RE: [PATCH] Improved RTL expansion of field assignments into promoted registers.

Roger Sayle Thu, 28 Dec 2023 11:35:24 -0800


Hi Jeff,
Thanks for the speedy review.

> On 12/28/23 07:59, Roger Sayle wrote:
> > This patch fixes PR rtl-optmization/104914 by tweaking/improving the
> > way that fields are written into a pseudo register that needs to be
> > kept sign extended.
> Well, I think "fixes" is a bit of a stretch.  We're avoiding the issue by 
> changing the
> early RTL generation, but if I understand what's going on in the RTL 
> optimizers
> and MIPS backend correctly, the core bug still remains.  Admittedly I haven't 
> put it
> under a debugger, but that MIPS definition of NOOP_TRUNCATION just seems
> badly wrong and is just waiting to pop it's ugly head up again.

I think this really is the/a correct fix.
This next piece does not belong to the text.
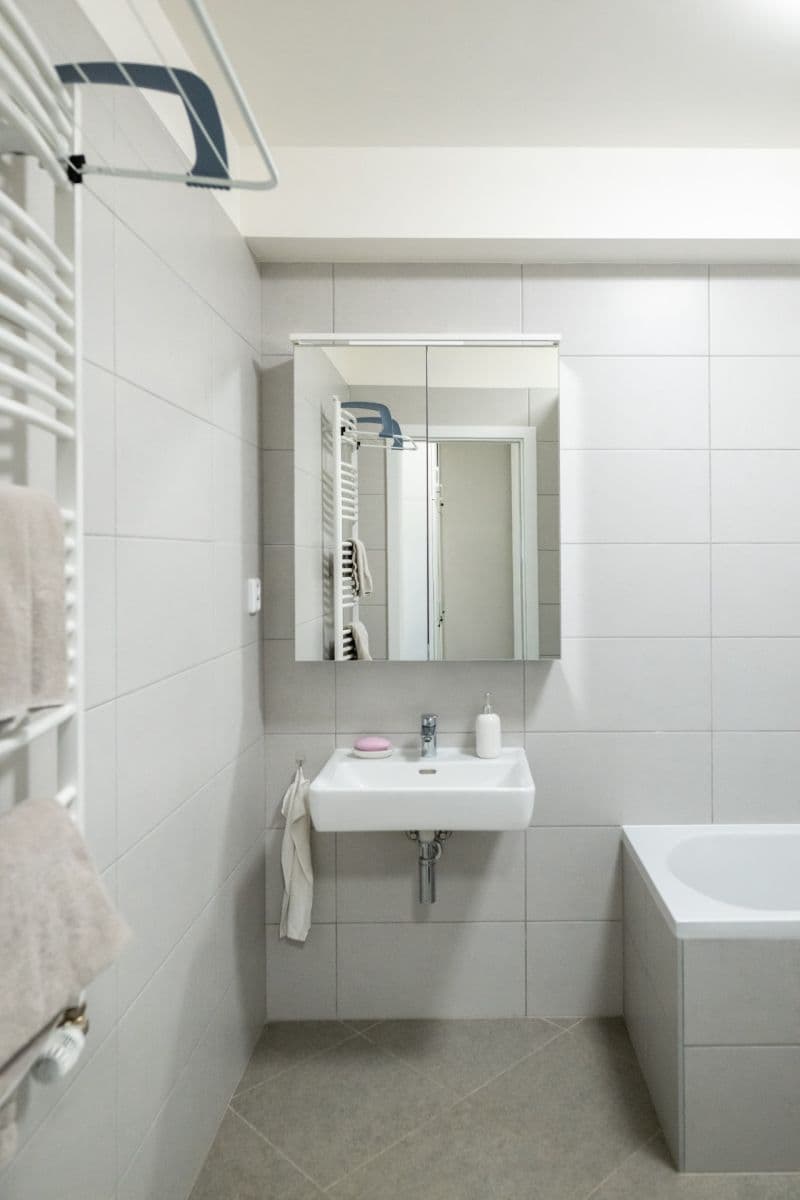 Studio flat to rent, 47 m², Baarové, Prague, Prague Studio flat to rent, 47 m², Baarové, Prague, Prague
The MIPS backend defines 
NOOP_TRUNCATION
to false, so it's not correct to use a SUBREG to convert from DImode to SImode.
The problem then is where in the compiler (middle-end or backend) is this 
invalid
SUBREG being created and how can it be fixed.  In this particular case, the 
fault
is in RTL expansion.  There may be other places where a SUBREG is 
inappropriately
used instead of a TRUNCATE, but this is the place where things go wrong for
PR rtl-optimization/104914.

Once an inappropriate SImode SUBREG is in the RTL stream, it can remain
harmlessly latent (most of the time), unless it gets split, simplified or 
spilled.
Copying this SImode expression into it's own pseudo, results in incorrect code.
One approach might be to use an UNSPEC for places where backend
invariants are temporarily invalid, but in this case it's machine independent
middle-end code that's using SUBREGs as though the target was an x86/pdp11.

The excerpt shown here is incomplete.